Село Тагай - богатое, сплошь пятистенки под рыжими жестяными крышами. Был воскресный день, когда я пришел туда. Празднично одетые парни и девушки прогуливались вдоль улицы. На завалинках, на бревнах сидели мужики, курили самокрутки, степенно рассуждали о видах на урожай. Я подошел к ним, спросил, далеко ли до имения Фирсова и как туда дойти.
Пожилой крестьянин в ситцевой рубахе и суконной жилетке, узнав, что я ищу работу, предложил остаться у него. Он позвал меня в дом, накормил дымящимися наваристыми щами. Я сильно проголодался и в мгновение ока расправился с полной миской. Это понравилось хозяину.
- Кто шибко ест, тот быстро и работает.
Гостеприимный хозяин пришелся мне по душе, и я стал подумывать, не остаться ли у него. От добра добра не ищут...

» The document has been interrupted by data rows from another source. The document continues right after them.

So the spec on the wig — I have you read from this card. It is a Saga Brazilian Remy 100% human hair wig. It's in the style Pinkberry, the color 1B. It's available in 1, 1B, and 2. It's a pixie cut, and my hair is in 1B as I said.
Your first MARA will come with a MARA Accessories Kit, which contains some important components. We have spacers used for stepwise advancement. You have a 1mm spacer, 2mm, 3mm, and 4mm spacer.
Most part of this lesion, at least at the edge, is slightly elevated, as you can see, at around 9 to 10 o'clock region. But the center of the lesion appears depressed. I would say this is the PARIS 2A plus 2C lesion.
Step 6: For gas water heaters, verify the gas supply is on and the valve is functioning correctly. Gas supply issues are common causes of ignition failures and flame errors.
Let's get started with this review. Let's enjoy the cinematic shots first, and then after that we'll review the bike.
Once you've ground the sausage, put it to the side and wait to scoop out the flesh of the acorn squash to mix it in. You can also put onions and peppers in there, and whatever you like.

Мужик, будто разгадав мои мысли, снова стал уговаривать:
- Оставайся, парень. Думаешь, у Фирсова будет лучше? Небось не знаешь, какой живодер наш барин. А я тебя, как родного, приму. До Покрова поработаешь, получишь двадцать пять целковых да еще в придачу хорошие валенки. Ну что, по рукам?

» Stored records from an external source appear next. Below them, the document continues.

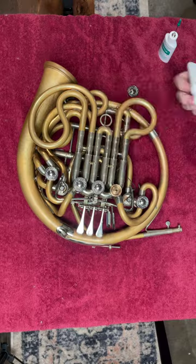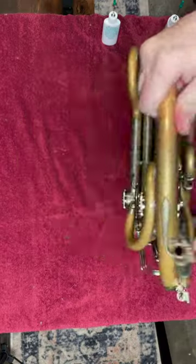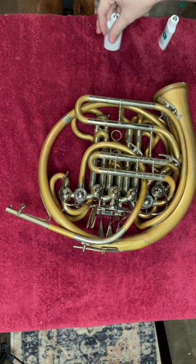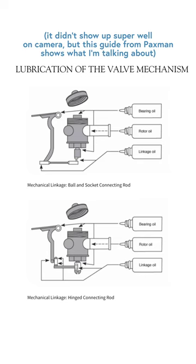I'm going to use the bearing and linkage oil to do this, not the rotor oil. So I'm going to start there and just put a couple of drops, maybe three or four, onto each rotor. Usually the next thing I do is flip the horn upside down and place a drop of oil right where the valve stem and the valve casing meet.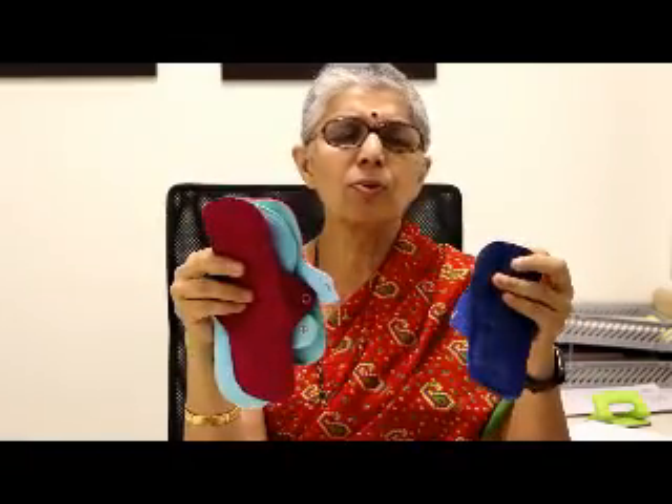Currently, the cloth pads available now are made of new cloth material — very nice, very comfortable — with wings like disposable sanitary napkins. Made of layers, they don't leak and are very comfortable. After you have used it, you soak it in a mug of water for 30 minutes, rinse it out, and hang it out in the sun. India as a country has abundant sun, and that is the only sterilization you need.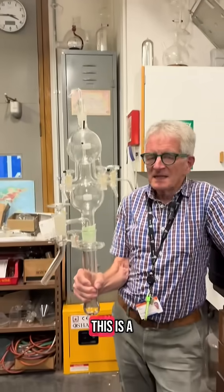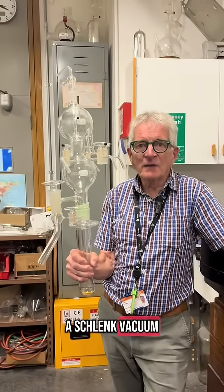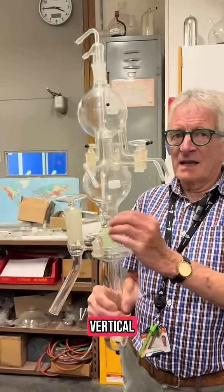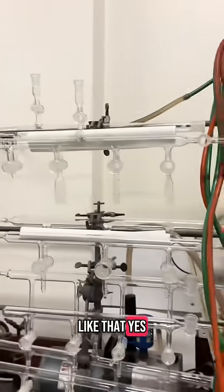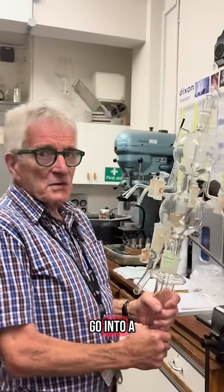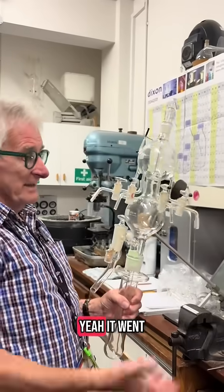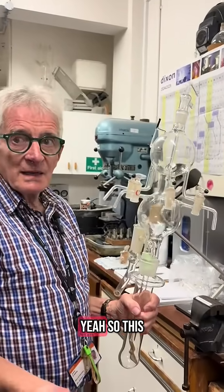What is this? This is a vacuum line, a Schlenk vacuum line — it's amazing. It's vertical, yes. Normally they go like this, but this one I designed years ago to go into a fume cupboard. So instead of going across the fume cupboard, it went up, which meant it gave them more room.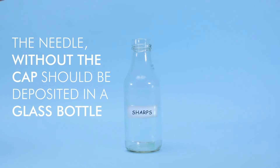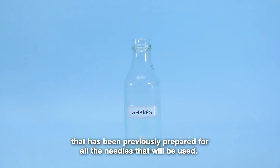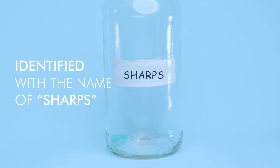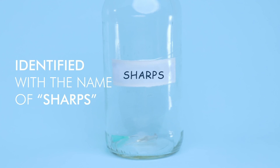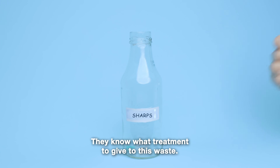The needle without the cap should be deposited in a glass bottle that has been previously prepared for all the needles that will be used. This is so that at the end of the treatment, this bottle is identified with the name of sharps, and when delivered to the personnel that collects the garbage, they know what treatment to give this waste.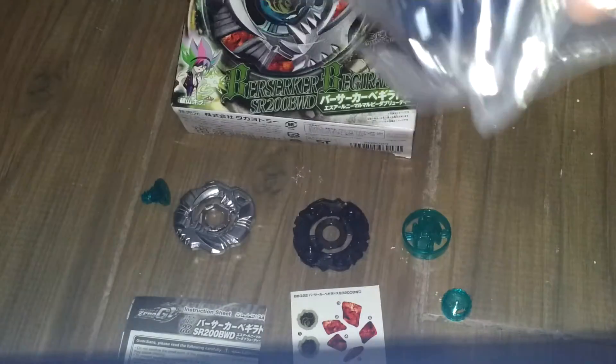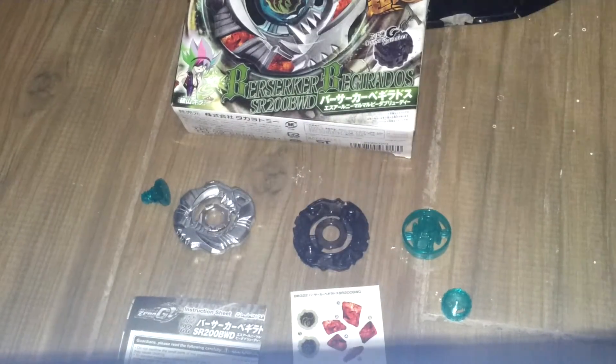Now I will take the plastic bag. Here is everything in the box. I will keep this 0G Compact Launcher for a giveaway, so keep watching my videos.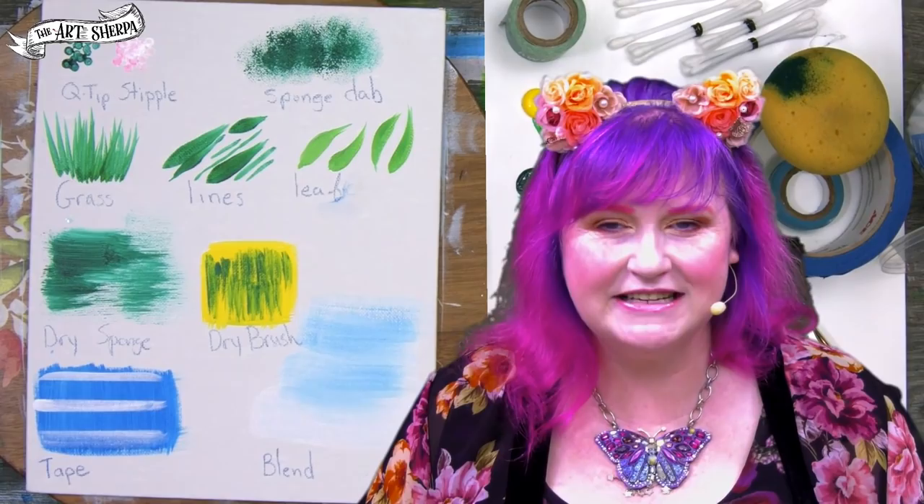Hi, I'm Cinnamon Cooney, your art stripper. I'm going to show you nine techniques for acrylic that are non-traditional that I think every beginner needs to know.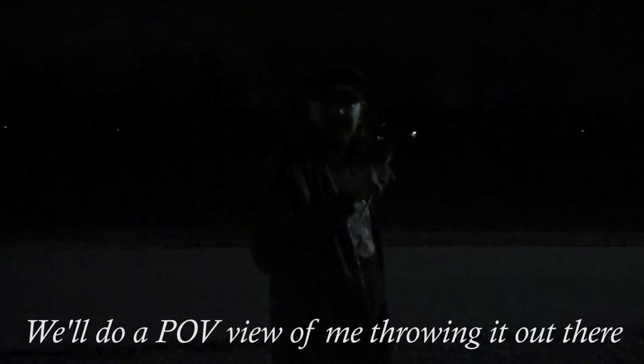Alright, so first I'm going to light this so that I can do it one-handed. I'm going to do a POV of me throwing it out there in front of it.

Я бы остался, да уж очень не хотелось мне батрачить. У Фирсова, по рассказам бабки Матрены, своя сушилка, кузница, мастерские. Там можно специальность получить. Поэтому я сразу не дал окончательного ответа. Сославшись на то, что мне надо побывать в имении, повидать там кое-кого из наших, шатрашанских, начал собираться в путь. Хозяин хоть и был огорчен моей настойчивостью, однако не удержался, чтобы не похвалить меня:
- А ты, парень, с характером. Люблю таких!
Поблагодарив хозяина, я вышел со двора.
В имении Фирсова действительно требовались рабочие руки, и меня сразу определили кочегаром в сушилку. Работа была несложная. Знай себе подкладывай дрова и наблюдай, чтоб котел не перегрелся. Но работать приходилось по двенадцать - четырнадцать часов в сутки. Возвращаясь из сушилки, я, не раздеваясь, валился на нары.